These examples emphasize that the omissions occurred in functions with optional parameters (such as, optional objects representing a “context” for the method and for the resource), and with boolean flags for enabling special behaviors in the function. This relaxed parameter passing is syntactically valid in the Python language, and is extensively used in all OpenStack projects.

Variable initialization. The highest number of recurring bug-fixes belong to the cluster nova_228, which includes fixes that add the initialization of a variable, e.g., using a boolean, a null object, or a constant string. For example, Listing 3 shows that the developer forgot to add the attribute RUN_ON_REBUILT to the class DiskFilter. In this case, the bug description points out that the change fixed an issue that occurred when a new image was provided and the instance had to be rebuilt, but Nova omitted to validate the existing pool of hosts excluding them from being scheduled.

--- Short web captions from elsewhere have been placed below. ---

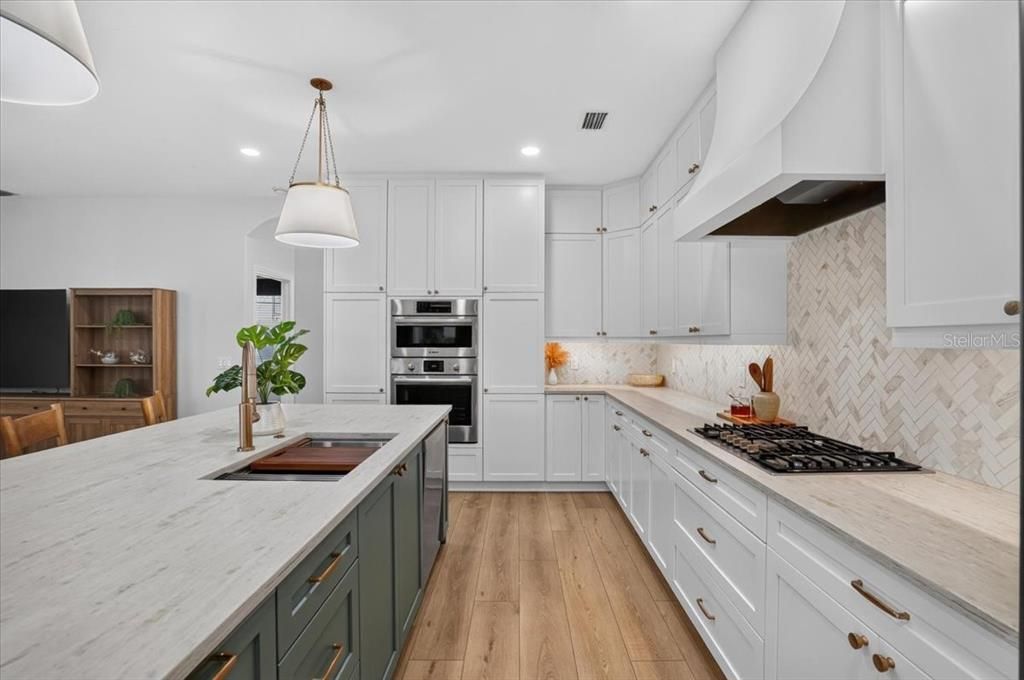 For Sale: $765,000 (4 beds, 3 baths, 2340 Square Feet)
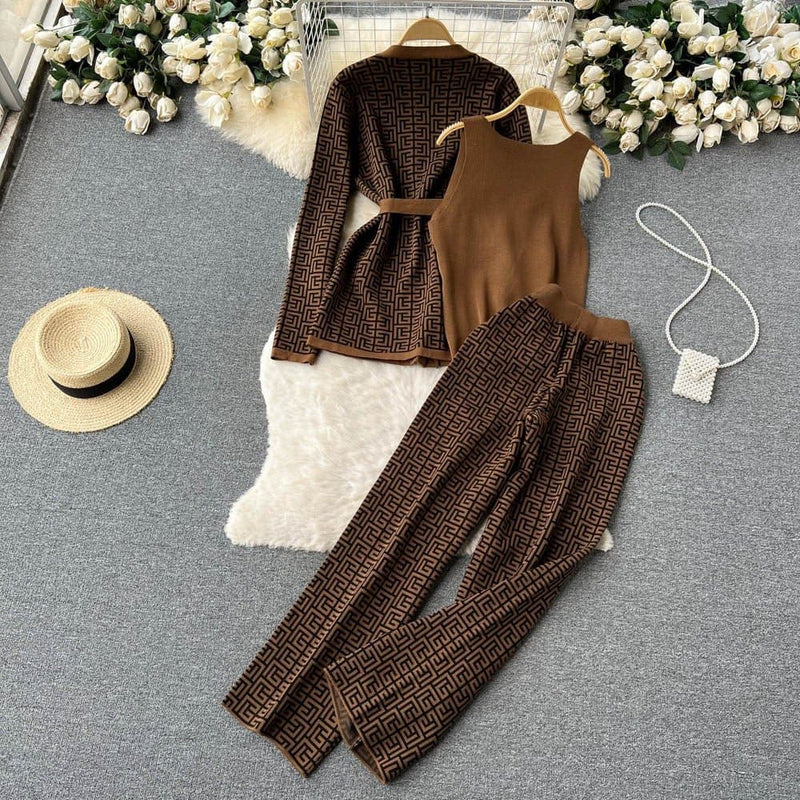 R&B | Dreiteiliges Gestricktes WinterSatz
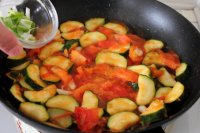 西红柿炒西葫芦的做法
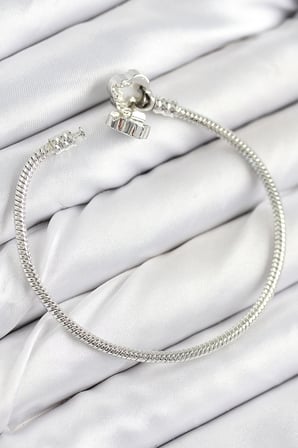 Pirinç Charm Zirkon Taşlı Yonca Model Gümüş Renk Kadın Bileklik 5886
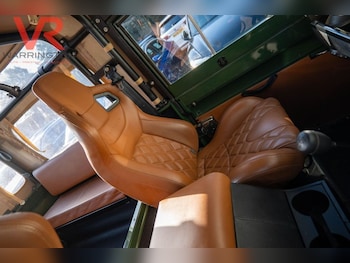 Used Land Rover Defender 1996 for sale - 77672804: Photo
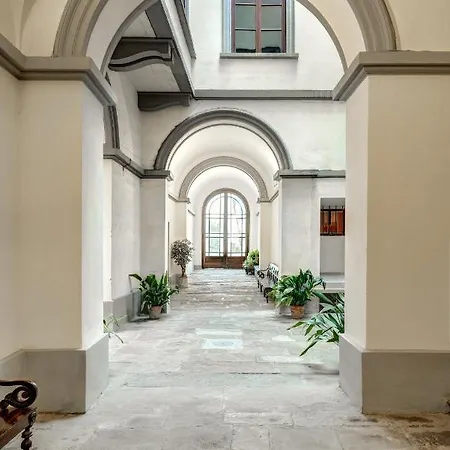 Palazzo D'oltrarno - Residenza D'epoca Bed and Breakfast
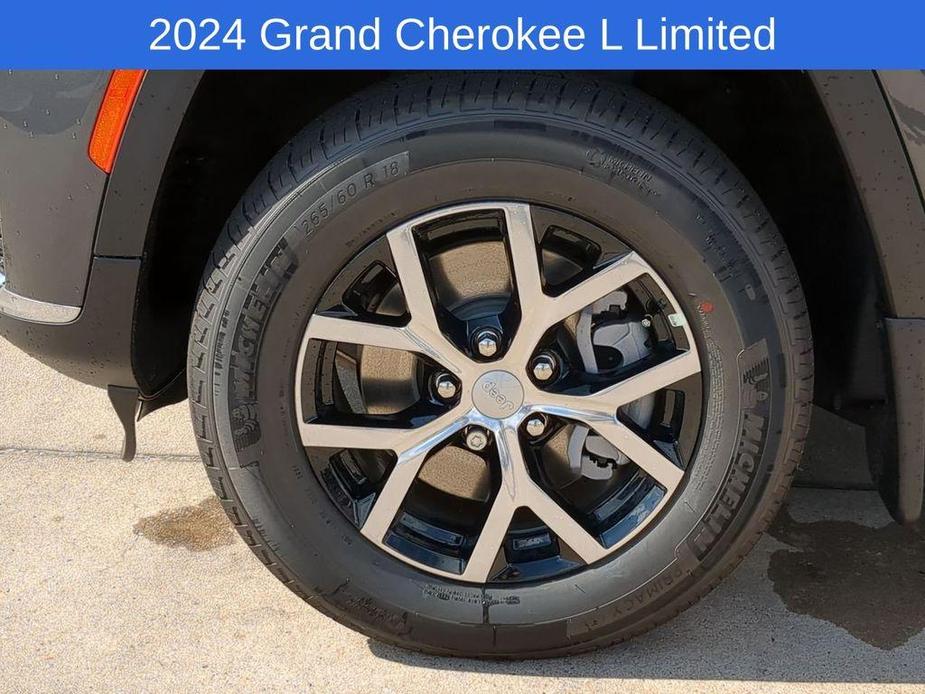 new 2024 Jeep Grand Cherokee L car, priced at $38,148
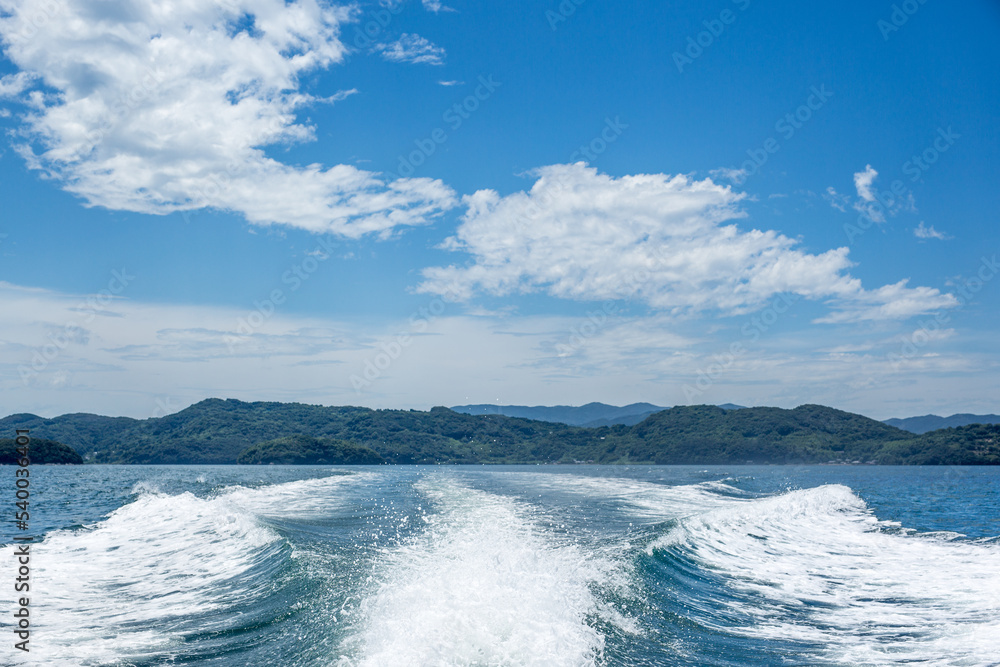 Fototapeta premium 輝く太陽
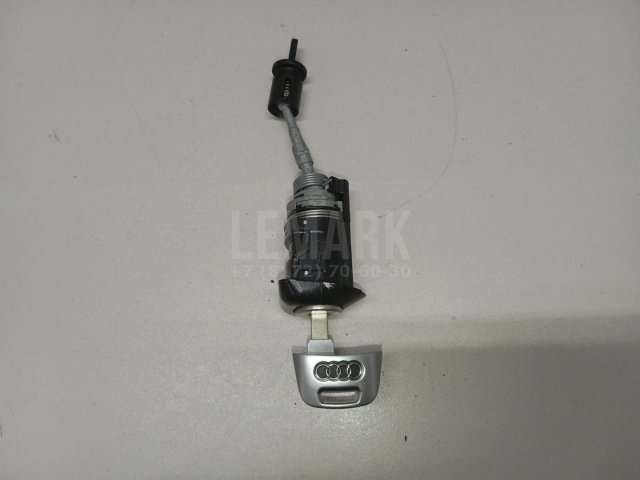 Вставка замка двери лев.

 class DiskFilter(filters.BaseHostFilter):
     """DiskFilterwithoversubscriptionflag."""
+    RUN_ON_REBUILD = False
Listing 3: Add global variable to the class definition. Change No.: 523212. URL: https://review.openstack.org/c/523212/2/nova/scheduler/filters/disk_filter.py, line 31

In general, variable initialization has been a recurring bug pattern in previous studies on C and Java [12]. In our analysis, we found that these issues were recurring specifically for the Neutron project, where developers often adopted global and class-level variables for controlling the configuration of the Neutron server.

If-related fixes. These changes fix the code by modify the control flow, such as: by surrounding an existing statement, or block of statements, with an if construct; by adding a new statement or block of statements together with an if construct; and by adding a new boolean condition to an existing one. We found clusters of this kind of changes among Nova (nova_474, nova_597, nova_629, and nova_197), Neutron (neutron_20), and Cinder (cinder_438, cinder_627). These bug-fixes handle corner cases in the user inputs and configuration, such as in the examples of Listing 4 and Listing 5.

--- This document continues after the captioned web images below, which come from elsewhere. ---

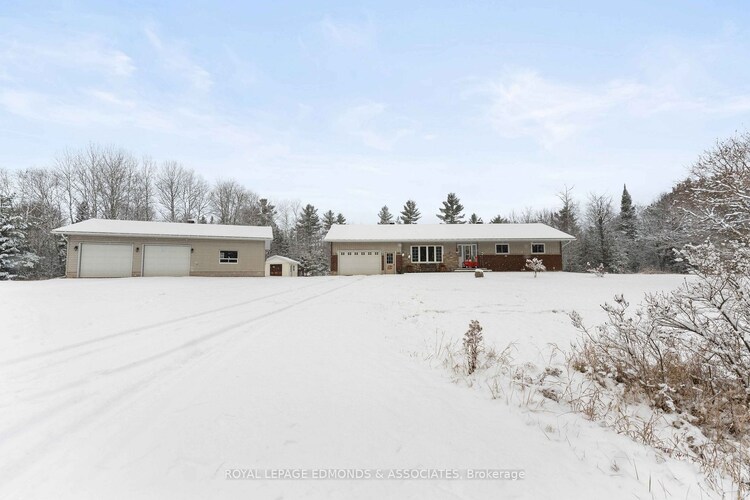 884 Witt Rd, Laurentian Valley, Ontario, 531 - Laurentian Valley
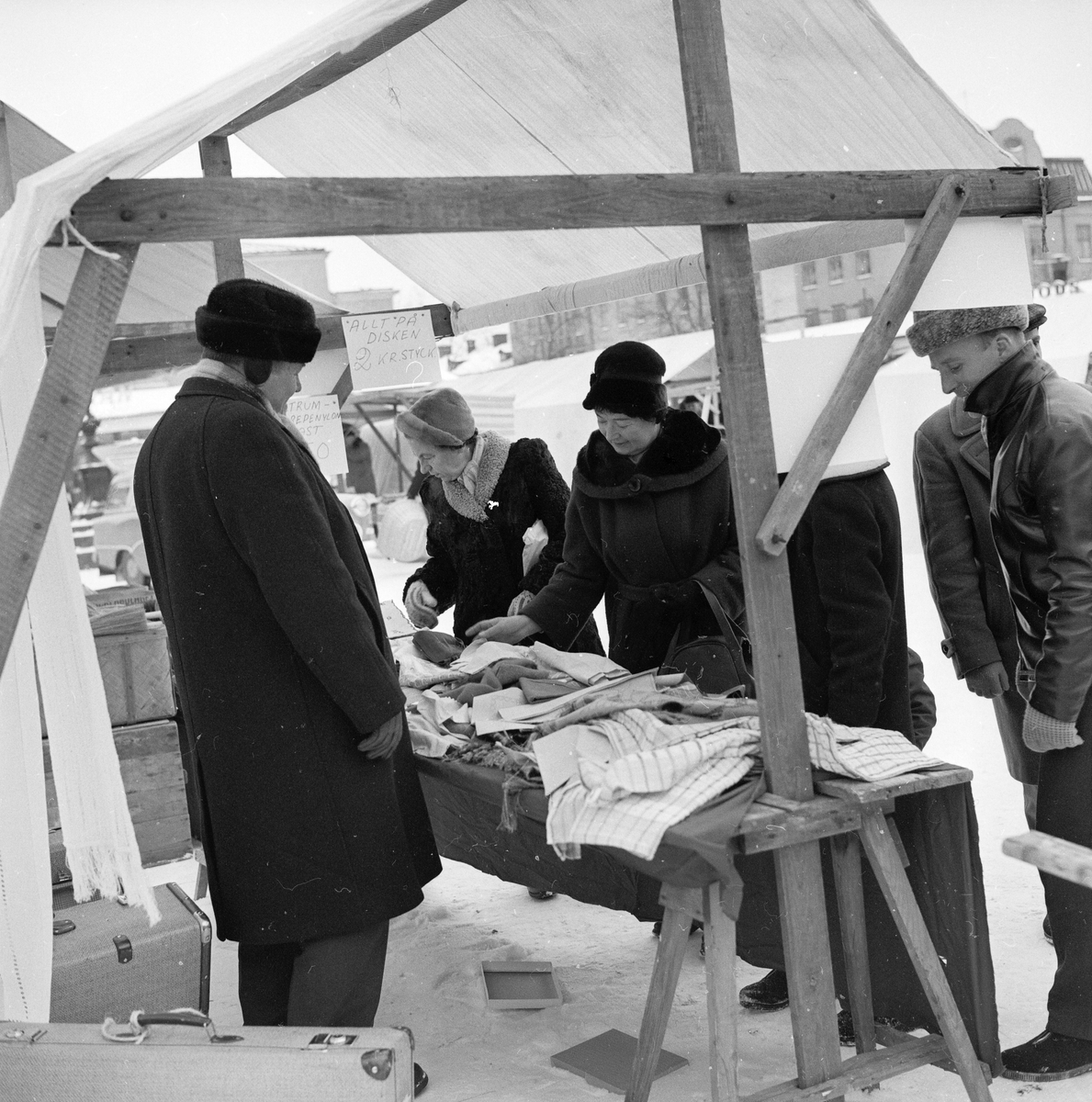 Distingsmarknad, Vaksala torg, Uppsala februari 1960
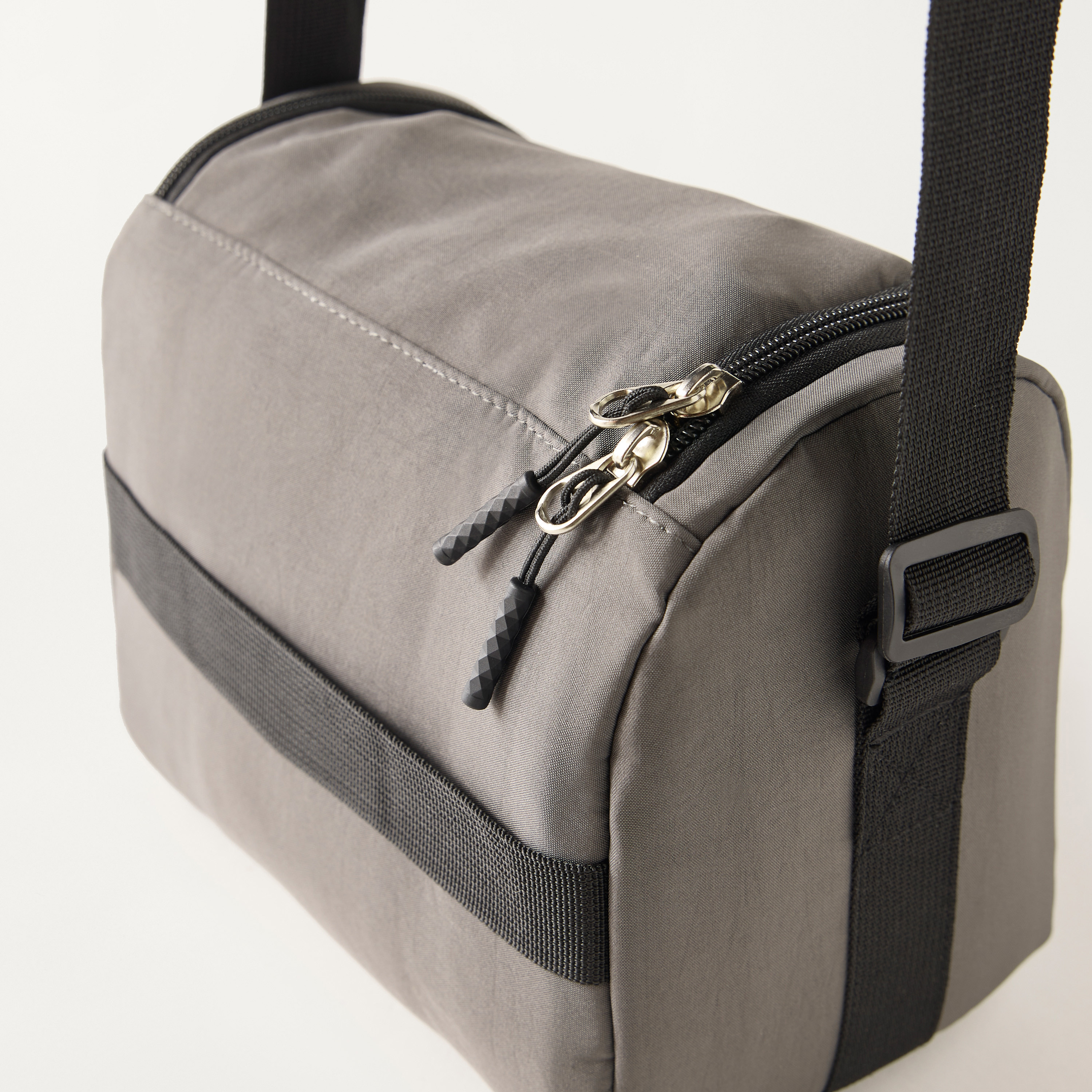 UCB Logo Print Lunch Bag with Adjustable Strap-school-lunchessentials-lunchbags-image-4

+ if not CONF.workarounds.disable_group_policy_check_upcall:
    _do_validation(context, instance, group_hint)
Listing 4: Surround single statement with if construct. Change No.: 442736. URL: https://review.openstack.org/c/442736/27/nova/compute/manager.py, line 1307
- if spec_obj.image else None
+ if spec_obj.image and ’id’ in spec_obj.image else None
Listing 5: Add new condition to an existing one. Change No. 543595. URL: https://review.openstack.org/c/543595/1/nova/scheduler/filters/isolated_hosts_filter.py, line 64

Adding function calls. The clusters neutron_13, neutron_14, neutron_23, and cinder_14 include fixes that add function calls. In these bugs, developers missed a function call, which caused omissions in the workflow of resource management. These issues mostly affected Neutron and Cinder, due to the nature of APIs in these projects. These projects have APIs for propagating across nodes a global view of the state of the data center (such as, the topology of virtual networks), which should be called whereas the state of resources is updated (such as, a network node is added or removed). However, these API calls can be easily omitted since they do not return data that are used afterward; for example, in Listing 6, a function call was missing after the update of a subnet.

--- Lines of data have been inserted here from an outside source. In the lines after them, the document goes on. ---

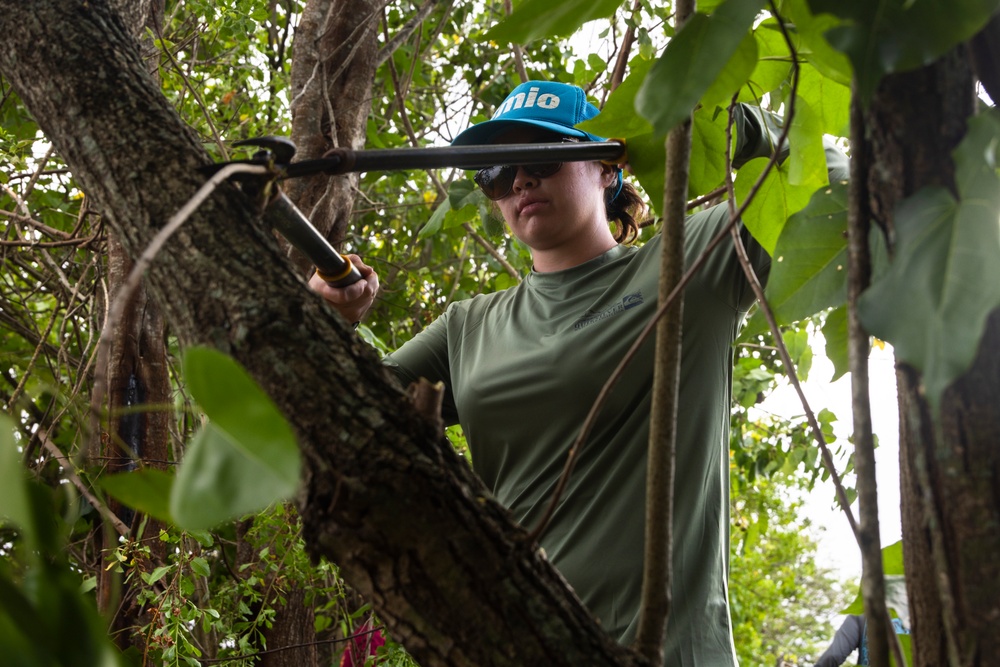 MCBH and Ola Nu’upia Hui conduct Environmental Stewardship Workday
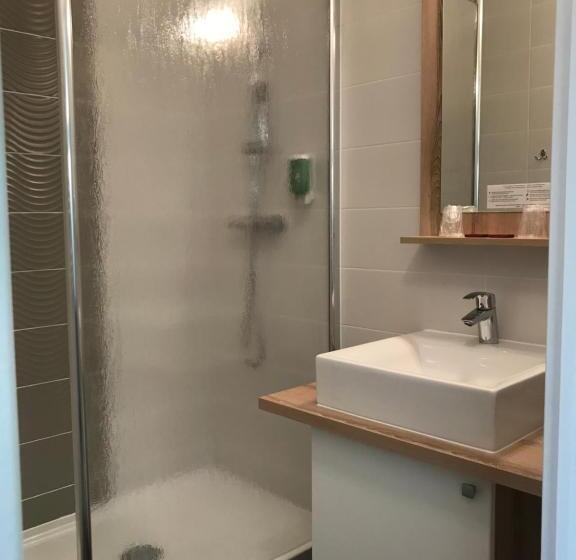 Comfort room with view, Chantereyne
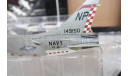 F-8E Crusader U.S.NAVY VF-211 Fighting Checkmates NP101 1967,Century Wings, масштабные модели авиации, scale72, Vought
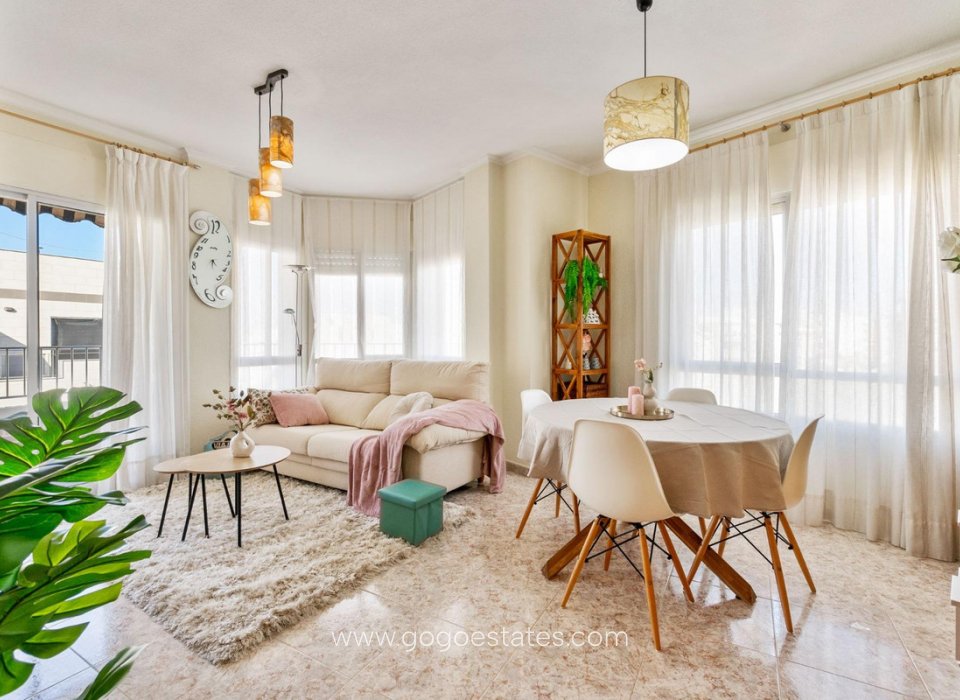 Wiederverkauf - Wohnung - Wohnung im mittleren Stock - Torrevieja - Torrevieja Centro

if cidr == default_ipv6_lla:
+   cidrs.discard(cidr)
    continue
Listing 6: Add a function call. Change No.: 491409. URL: https://review.openstack.org/c/491409/11/neutron/agent/linux/interface.py, line 125

Data structure-related fixes. The clusters neutron_132 and cinder_621 include fixes that add a new pair (key,value) to a Python dictionary (i.e., the Python data type for associative arrays), in order to fix the layout of the data structure. The OpenStack projects make extensive use of complex data structures to represent the several attributes of virtual resources, such as instances, images, and so on. For example, Listing 7 shows a bug-fix that adds a new entry in a dictionary that represents an ARP table in a Neutron component.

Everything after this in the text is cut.